Lembro-me. Era uma hora quando pedi, muito por acaso, o primeiro tomo de O pai
Goriot, numa das edições chamadas de gabinete de leitura e que desapareceram também
dos nossos costumes. Eram sete horas quando me encontrei na calçada da rue
Soufflot, tendo lido a obra inteira. A alucinação dessa leitura fora tão forte que
eu tropeçava. A intensidade do sonho em que Balzac me engolfara produzira em mim
efeitos análogos aos do álcool e do ópio. Durante alguns minutos fiquei alheio à
realidade das coisas e à minha própria realidade. Esse fenômeno de embriaguez
imaginária era acompanhado de uma incapacidade tão completa para coordenar os
movimentos que levei mais de um quarto de hora para chegar ao Colégio Santa
Bárbara, onde devia jantar. E tinha de andar apenas trezentos metros! Nunca livro
algum me havia causado os transportes de semelhante exaltação. Nenhum outro mos fez
sentir depois.

O comentador deste livro mágico, por mais hábil que seja, nunca poderá dar a quem
não o tiver lido senão uma ideia fraca do extraordinário poder que ele encerra. O
mais a que se pode aspirar é comunicar a vontade de lê-lo. Ao contrário, como é
fácil falar em O pai Goriot àqueles que já o leram!
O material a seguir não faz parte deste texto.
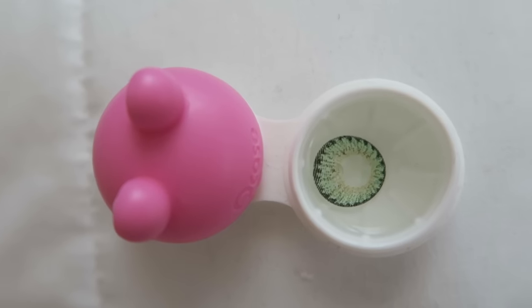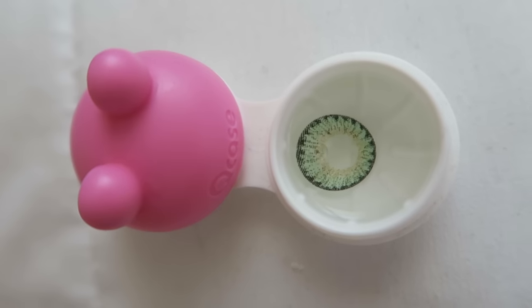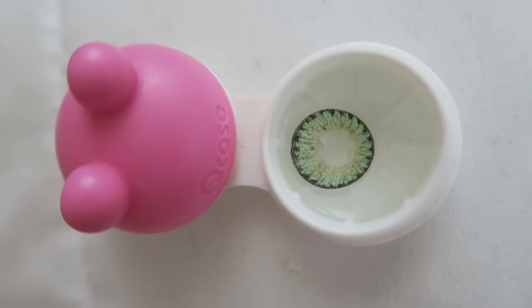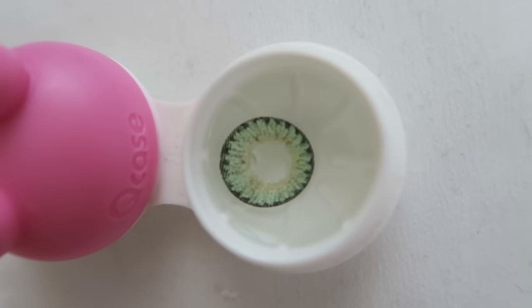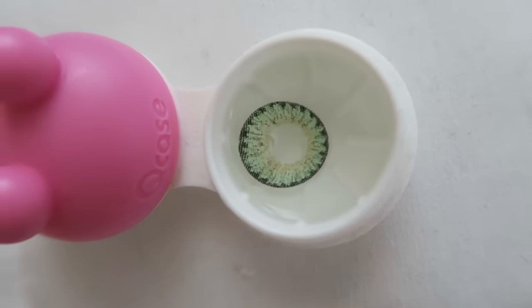Sorry, my hair is just not cooperating with me today, but that's how they look like. This is how it looks in its case by itself. As you can see, there are three different tones on the outside of the ring — it's a dark green, then a lighter green, and then a yellowish tint right in the center.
Uma simples alusão lhes
recordará um mundo de coisas, uma atmosfera prodigiosa de realidade, uma série de
cenários e de episódios que lhes continuam vivos na memória em estado latente,
confundidos com suas próprias experiências e lembranças pessoais.
Basta pronunciar, por exemplo, “A Casa Vauquer” para que imediatamente essas
pessoas revejam, como uma paisagem familiar de sua própria infância, o desolado
prédio da sombria rue Neuve-Saint-Geneviève com seu jardinzinho anêmico, sua
tabuleta com o dístico imbecil — Pensão burguesa para os dois sexos e outros —, a
ignóbil fachada amarela, a horrível sala de jantar, os armários pegajosos, a caixa
de guardanapos, o barômetro com o capuchinho que sai quando chove; sentirão aquele
indefinível odor de pensão, um cheiro que causa frio, parece úmido ao nariz e
penetra nas vestes; ouvirão o tinir dos talheres, o zunzum das conversas à mesa, as
gargalhadas sonoras com que os hóspedes acolhem a pilhéria estereotipada do mês.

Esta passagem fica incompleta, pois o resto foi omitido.